Langhorne airman home for the holiday
It looked like the Fourth of July had come early on East Marshall Avenue in Langhorne Monday evening, as a parade of flag-decorated firetrucks, a rescue vehicle, police cars and motorcycles passed down the normally quiet street.
No, it wasn’t Independence Day, but it was a really good prelude.
Zach Sayre came home safe and sound from an extended tour of duty in the Middle East. For this, his grateful family, friends and neighbors came out to honor him.
The drive-by salute was arranged by state Rep. Frank Farry, R-142, who’s also chief of the Langhorne-Middletown Fire Co. Zach’s father, Brian Sayre quickly helped him plan the event once he got word late last week that his son would be heading back to the United States.
The younger Sayre, a member of the Pennsylvania Air National Guard, was serving a six-month tour when the coronavirus pandemic struck. His tour was extended more than two months.
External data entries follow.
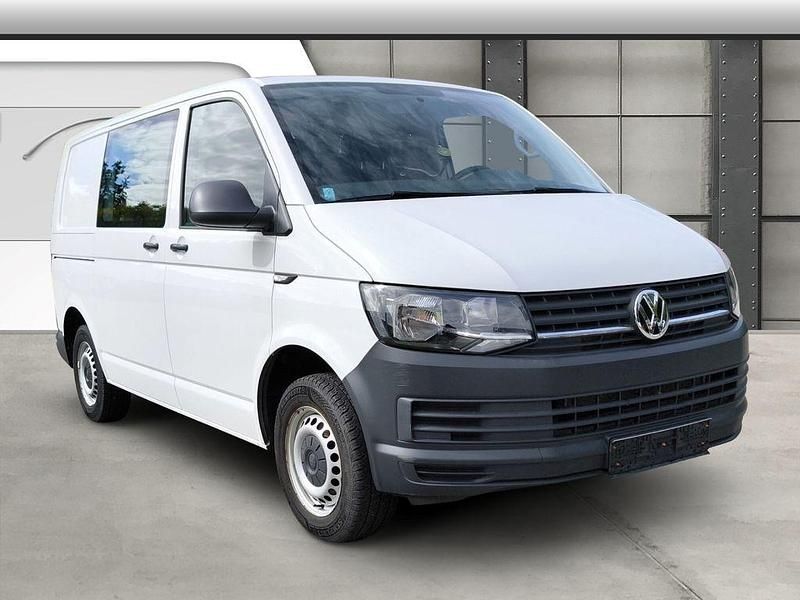 Gebraucht VW T6 150 PS (110 kW) 2018 Weiß candyweiß Van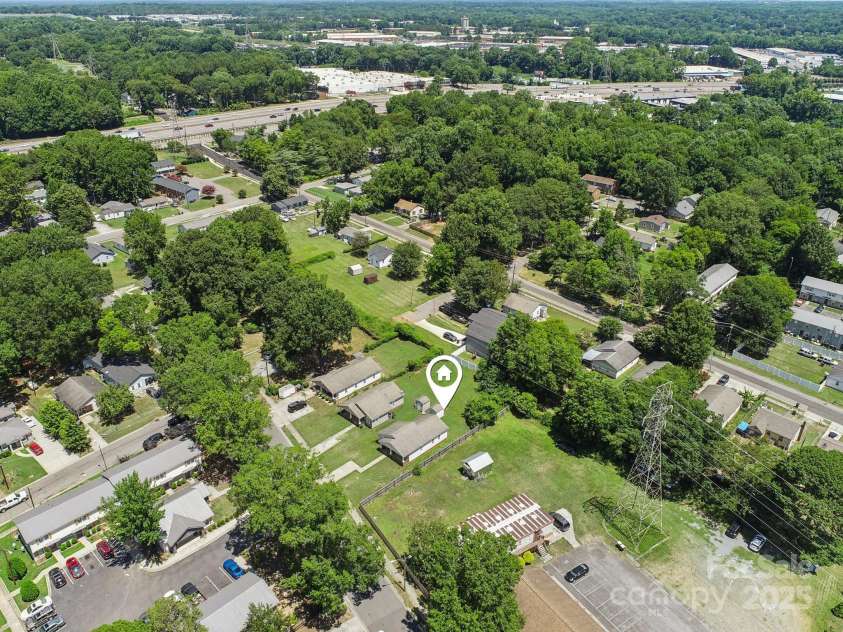3420 Kentucky Avenue, Charlotte, NC 28216.  MLS# CAR4269109, YatesRealty ID 27612. 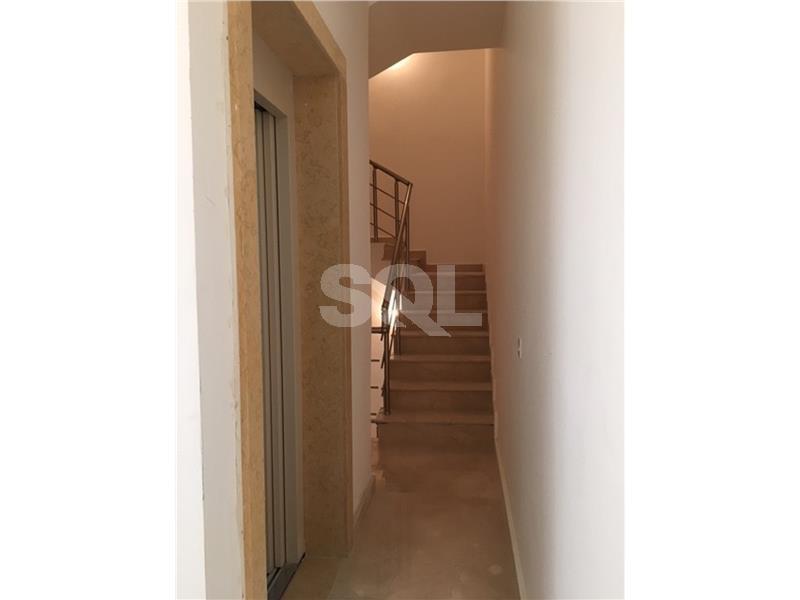 Penthouse in Santa Venera To Rent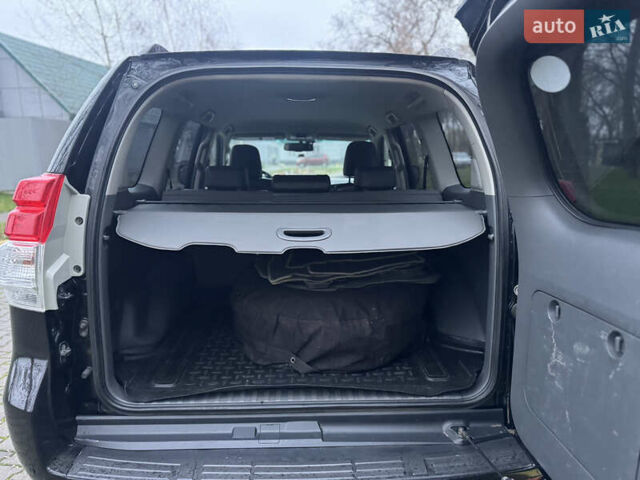 Черный Тойота Ленд Крузер Прадо, объемом двигателя 4 л и пробегом 242 тыс. км за 25000 $, фото 23 на Automoto.ua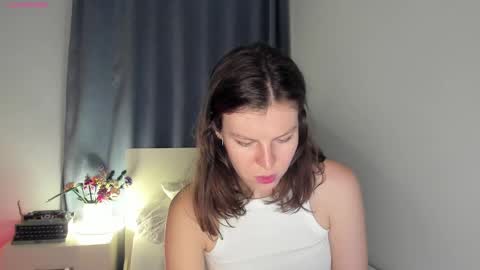 Snapshot of roter_rita chatting on 01/10/25, 10:15 roter_rita online show from 01/10/25, 10:15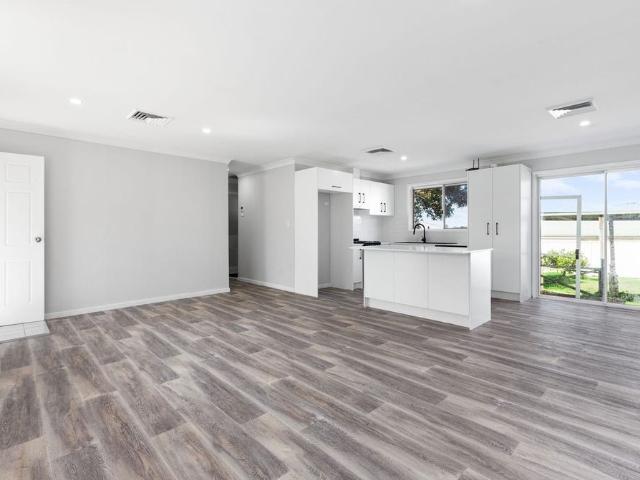 HOME IN QUIET BRANXTON LOCATION!
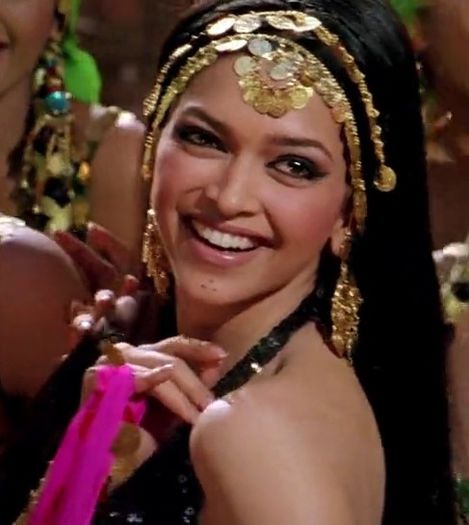 Om Shanti Om 2007 Hindi BRRip 720p x264 AAC 5.1...Hon3y.mp4_001266765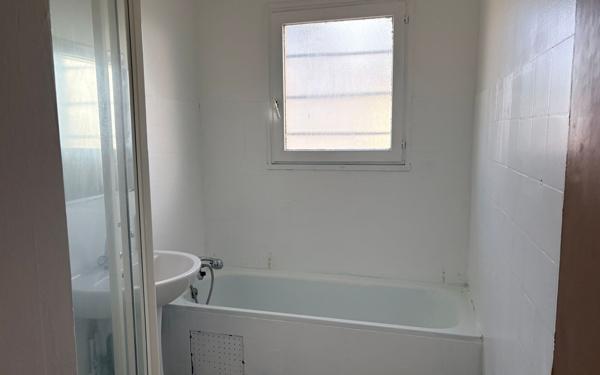 Maison à vendre    3 pièces • 65 m2 Villers-Cotterêts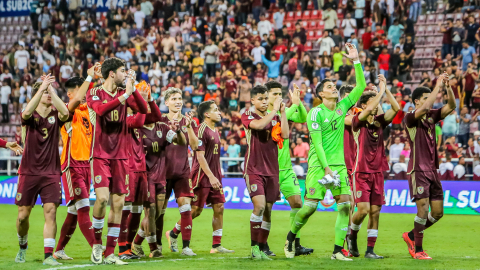 Los jugadores de Venezuela festejan la victoria sobre Perú, en el Sudamericano Sub 20, el 25 de enero de 2025.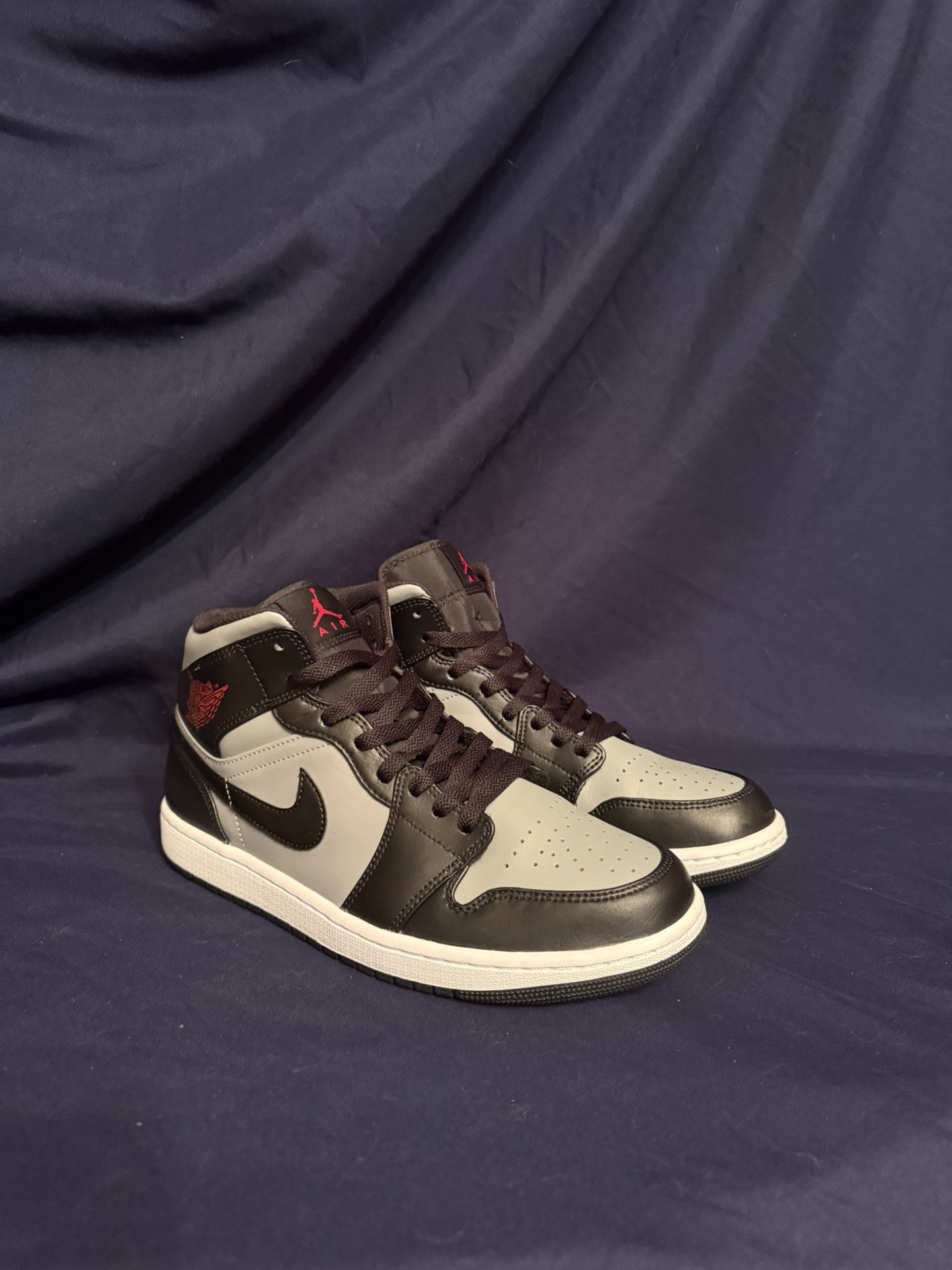 Jordan 1 Mid (Shadow Red)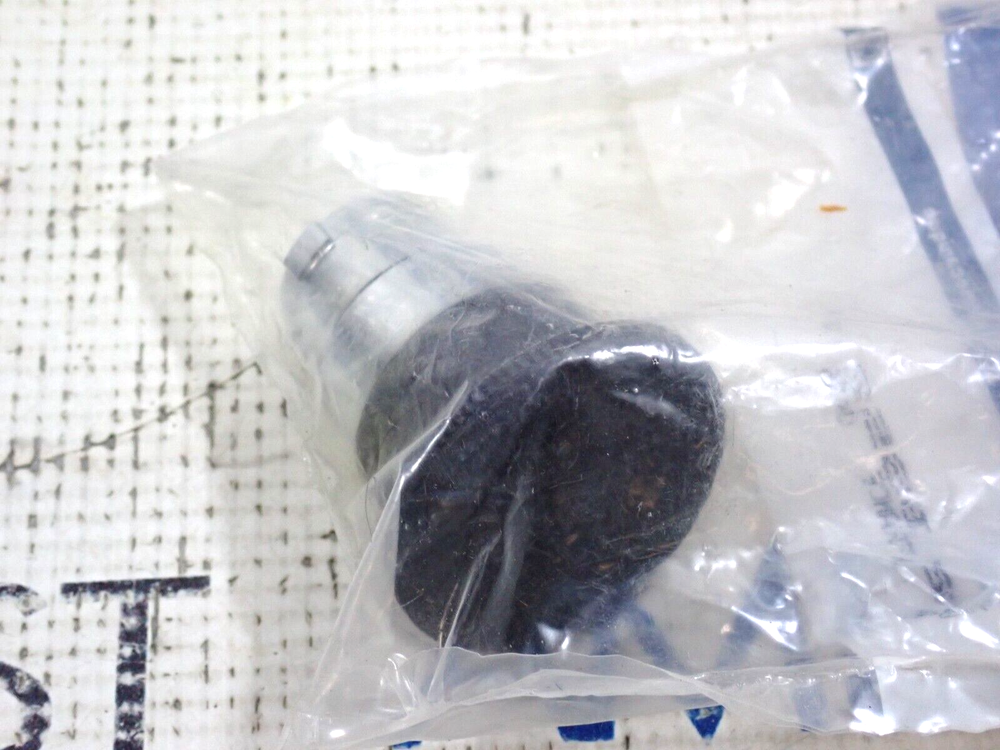 NEW Telemecanique ZB2BS52 Twist Release Pushbutton operator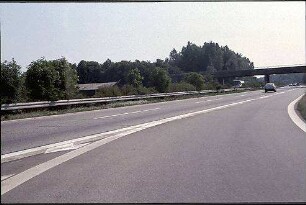 Einfahrt West zu Hauptfahrbahn West (Karlsruhe Richtung Basel)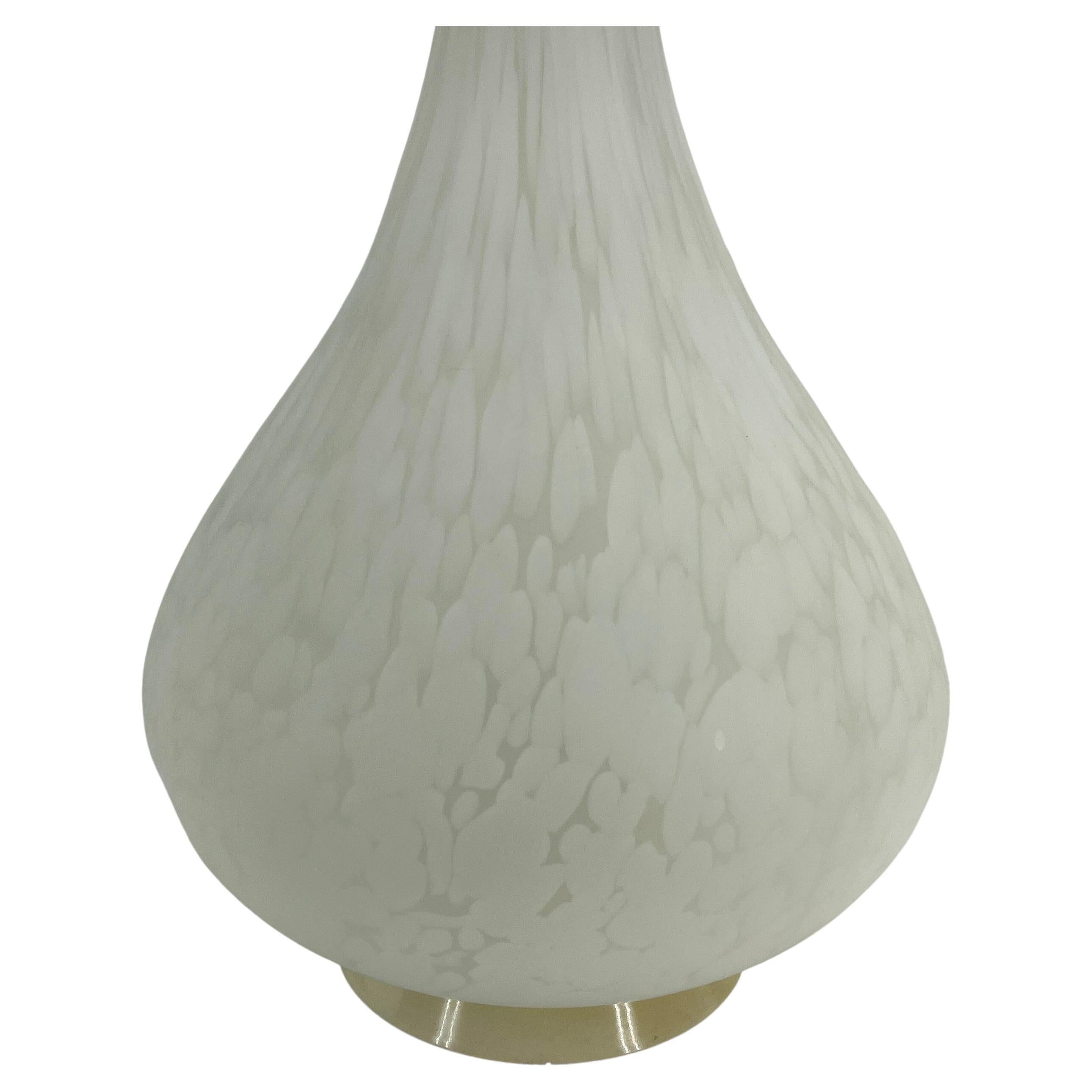 Grande lampe en verre de Murano «ottled » blanche de Carlo Nason pour Mazzega, Italie, années 1970 en vente 1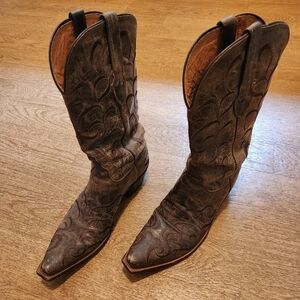 Lucchese Distressed Mad Dog Goat Leather Brown Heeled Boots M5037, Size 7.5B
“He was supposed to be back in April,” said Jill Sayre, Zach’s smiling mom. The Sayres and Zach’s fiancee, Korin Kinmouth, drove to Baltimore to pick him up at the airport. He got home at 2 a.m. Monday. His sister, Lily, 20, said she was so glad he was back.
As he stood in front of his house, the parade stopped and several participants came up to wish him well, including Bob Osterhout Jr., the commandant of the Jesse Soby American Legion Post 148 in Langhorne, and representatives of the Warriors’ Watch motorcycle club of Southeastern Pennsylvania.
“It’s always important to honor someone coming home from military service,” Osterhout said as he rode in a decorated convertible with other local post members, including his son, Bob Osterhout III, Don Minnick and Gene Enama.
Tom Manning and his wife, Eileen, are members of the motorcycle group and rode all the way from Springfield, Delaware County, to participate.
“It’s a nice ride up the turnpike,” Tom Manning said, noting the good cause.
Greg and Abby Watkins of New Britain Township came to the celebration as well. “We’ve known Zach since he was little,” Abby said.
Sayre, 27, appeared to choke up as he was presented with several keepsakes, including a bead decorated keychain from the Warriors’ Watch members and a flag that flew over the Capitol in Washington, D.C., from Congressman Brian Fitzpatrick’s office.
“Welcome back, buddy,” Farry said as he handed Sayre the mementos.
“I appreciate it,” Sayre said about the welcoming. “It’s nice growing up in a community like this."
Among the gifts were six-packs of beer from some of his classmates, including Alex McCaulley and Brandon Rosso. “We’re good friends since Oliver Heckman,” McCaulley said, mentioning where they went to elementary school together.
“Just another Monday night,” neighbor Josh Griffiths kidded him.
Sayre works in heating and air-conditioning as well as serving in the guard unit, but he plans to take a few weeks off before returning to his job.
“I feel very good to be home,” he said.